I’ve been a bit slack on learning Portuguese lately. I’ve basically been treading water since I did the B2 diploma. In fact, since the pandemic started, I’ve spent as much time on my “hobby” language, Scots Gaelic as I have on my main one. That needs to stop because I am determined to be properly fluent in Portuguese if it kills me.

I’m not very good at abandoning things so I’m allowing myself till the end of this coming week to finish off my remaining Gaelic things, and read any outstanding foreign language books from my TBR and then I am going to commit to portuguese: purge my daily to-do list of distractions, delete Duolingo (It’s too Brazilian) and submerge myself in the language as far as reasonably possible for someone who doesn’t live there. The time for pissing about is over. Go duro or go para casa.

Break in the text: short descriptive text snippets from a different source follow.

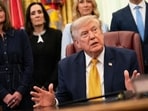 US President Donald Trump speaks during an executive order signing ceremony in the Oval Office of the White House in Washington, DC, on Monday. (Bloomberg)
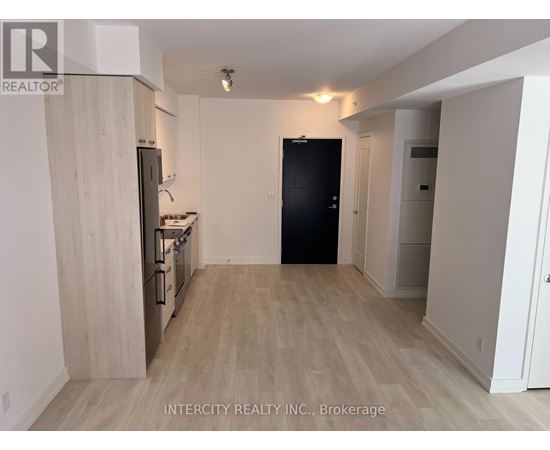 A kitchen with a black refrigerator and wooden cabinets.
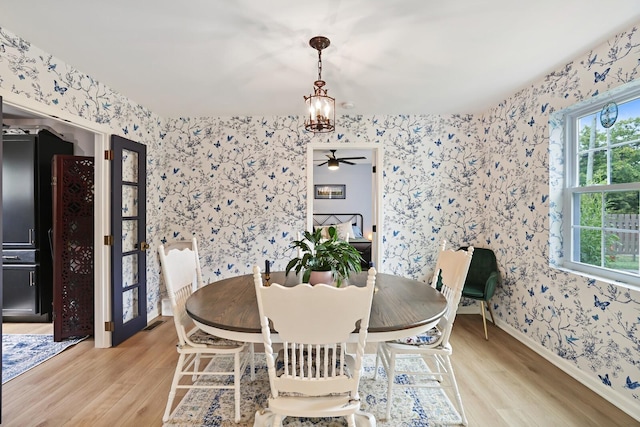 dining space featuring wallpapered walls, wood finished floors, a chandelier, baseboards, and a ceiling fan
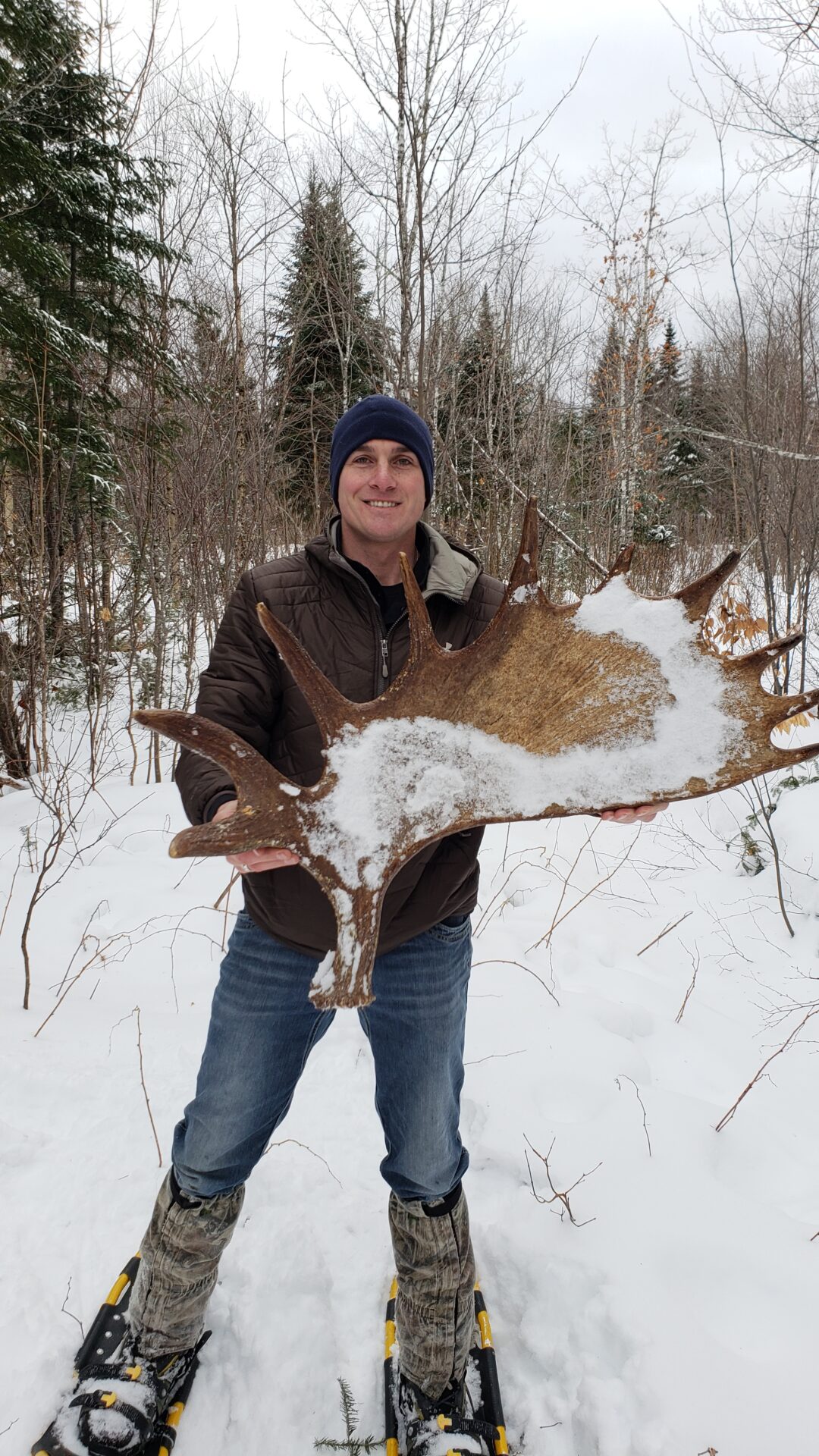 Man in snowshoes holding a moose antler.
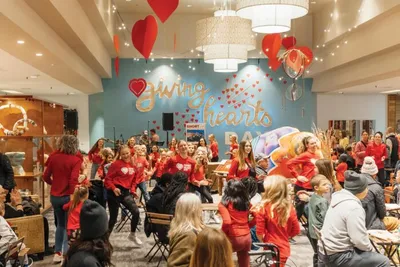 Crowd in red shirts gathered indoors beneath heart balloons near a 'Giving Hearts' wall mural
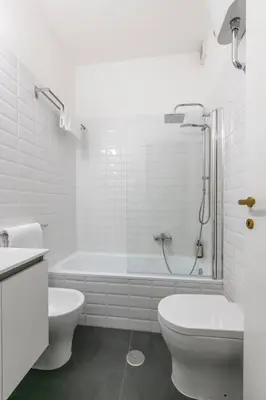 a white bathroom with a tub and a toilet and a sink at Fleming 67 by Hili in Rome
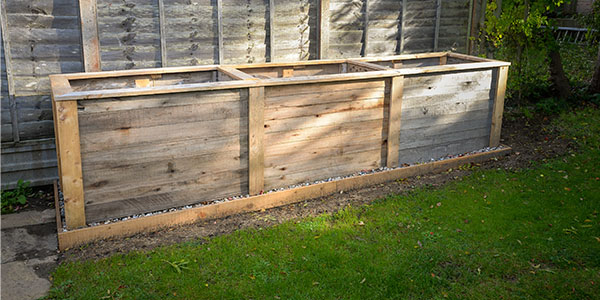 Raised Wooden Planter in Yard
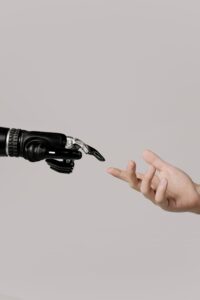 AI represented by a robot hand reaching out to a human hand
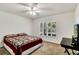Cozy bedroom with neutral carpet, a ceiling fan, plantation shutters, and a red, white, and blue quilt on the bed at 561 Vineyard Way, Poinciana, FL 34759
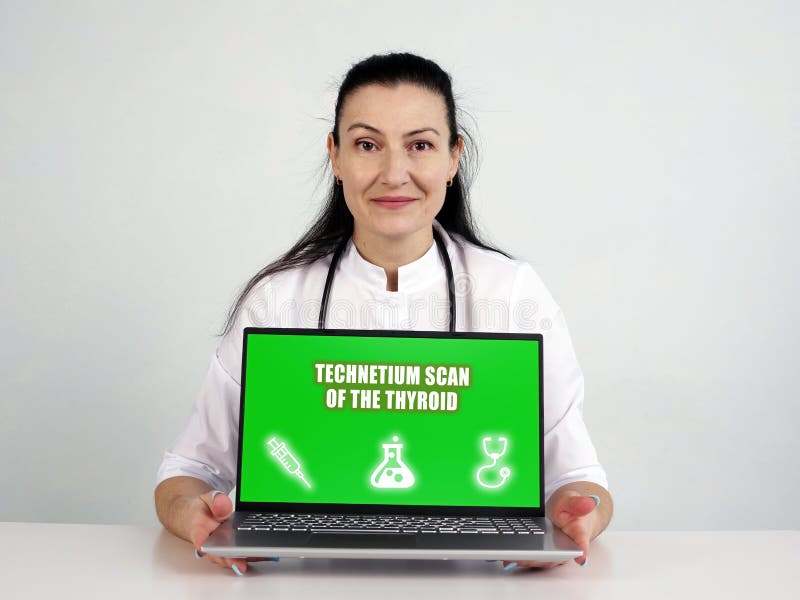 TECHNETIUM SCAN OF THE THYROID inscription on the screen. Close up male hands holding pen stock photography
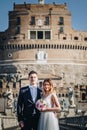 Portrait of bride and groom posing on the streets of Rome, Italy Royalty Free Stock Photo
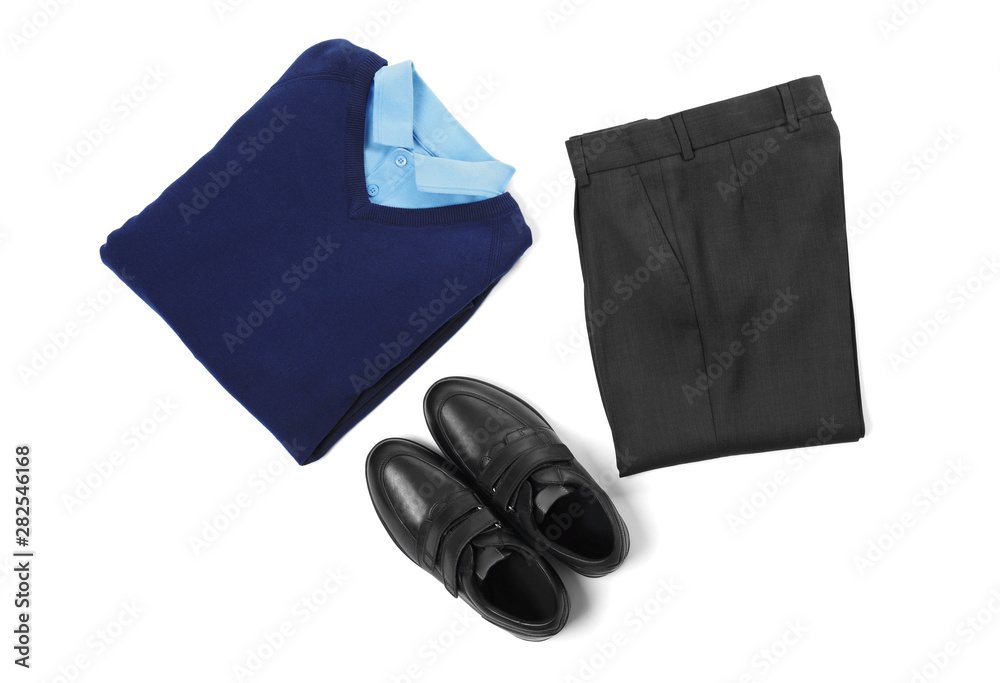 New stylish school uniform on white background, top view New stylish school uniform on white background, top view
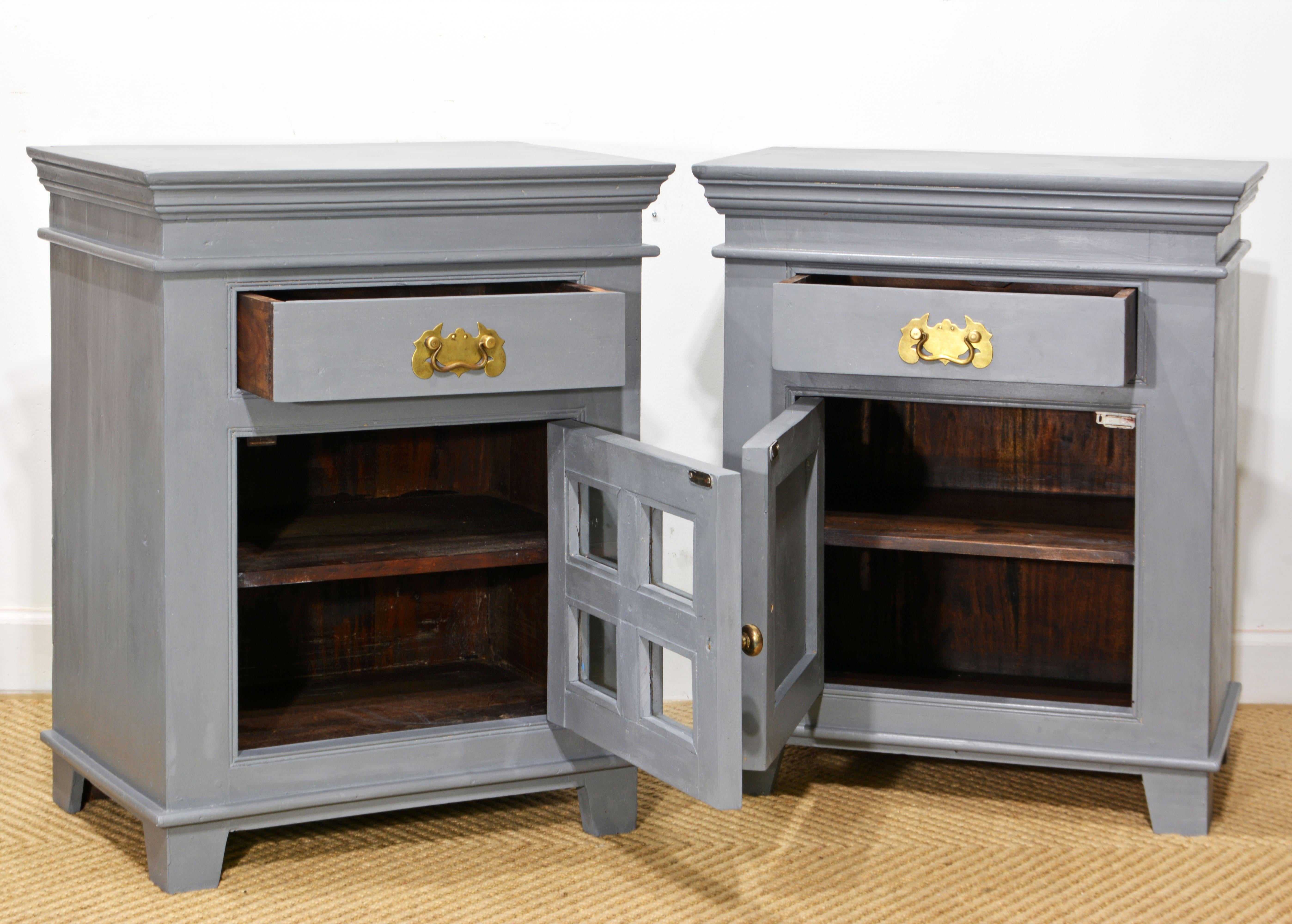 This almost pair of Anglo-Indian bedside cabinets or nightstands are made of solid hardwood which has later been painted in a 'officer's grey' color and wax buffed creating a subtle aged and layered look. One of the cabinets has had glass panels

So here’s my list of activities to work on through the autumn

  • Make a new Twitter account, tweet only in Portuguese, pretend to be Portuguese, interact with people, see how long I can get away with it (not long probably, but it’ll be fun to try)
  • Watch one Portuguese movie or series episode per week.
  • Finally finish “A Actualidade em Português*” which is a B2 book meant to finish in 2020 but didn’t
  • Then do one esercise of Português Atual* C1 or one from this course per day
  • Only read Portuguese books (exception for work-related books that I need to read for career development)
  • Listen to mainly portuguese audio. I probably can’t go total on this one but the balance needs to shift towards Portuguese pretty decisively.
  • Memorise one Portuguese poem per week. C-level Portuguese needs you to be able to appreciate literature a bit and I’ve been trying to memorise poems recently, including one by Pessoa and one by Florbela Espanca, which I can still remember weeks later, so this seems like something I can incorporate as part of my language learning.
  • Write something each day on the Portuguese Writestreak subreddit.
  • Follow the Bertrand Portuguese History Course once a fortnight and try to participate as much as possible. It’s starting soon and it’s really good value (only a hundred and forty quid for 20 lessons with current exchange rates and bulk discount) but pretty challenging (see this review of a previous course I did for an idea of how challenging!)

The aim will be to go for C1 or even C2 by about May next year.

Now I know what you’re thinking: “are you crazy?” and you’re right, it does seem pretty ambitious, but I’ve been thinking it through and I reckon I can do it. The key piece is what I wrote at the top there about clearing my daily to do list. Early in the pandemic I started getting up at 5.30 and going through a list of daily chores, including meditation, a big chunk of Duolingo, watering the plants and a load of other bits and pieces. It’s nice because it gives me some free time before my family wake up to do things on my own before work starts and feel productive. If I purge a few things from that and replace with daily items from the list and do some of the larger things like movies in the evening and weekends it should be manageable, time-wise. I just need to keep it interesting: short texts in the writestreak, be ruthless about abandoning boring books so reading doesn’t become a chore, try to be funny on twitter, make sure the films I choose are good… Yeah, I can do this.

Sou capaz!

I have some other things I’d like to fit in, like cooking from Portuguese recipes, following Portuguese exercise videos, finally getting around to reading the bloody Lusíadas, going to a fado concert or two, actually visiting the country itself, and (this is the most ambitious of all) having a conversation with my wife in Portuguese without her running away with her fingers in her ears to escape my horrible accent. But those are probably a bit hard to plan since they either don’t fit easily into my routine or in some cases they’re contingent on the pandemic simmering down. Basically, I don’t want to have something on the plan that I won’t end up doing because then I’ll start to lose motivation. I think the list on its own will do for now. If I manage the others, I’ll consider that icing on the cake.

*=if you’re interested in finding out about textbooks for Portuguese study, I did a page about them recently.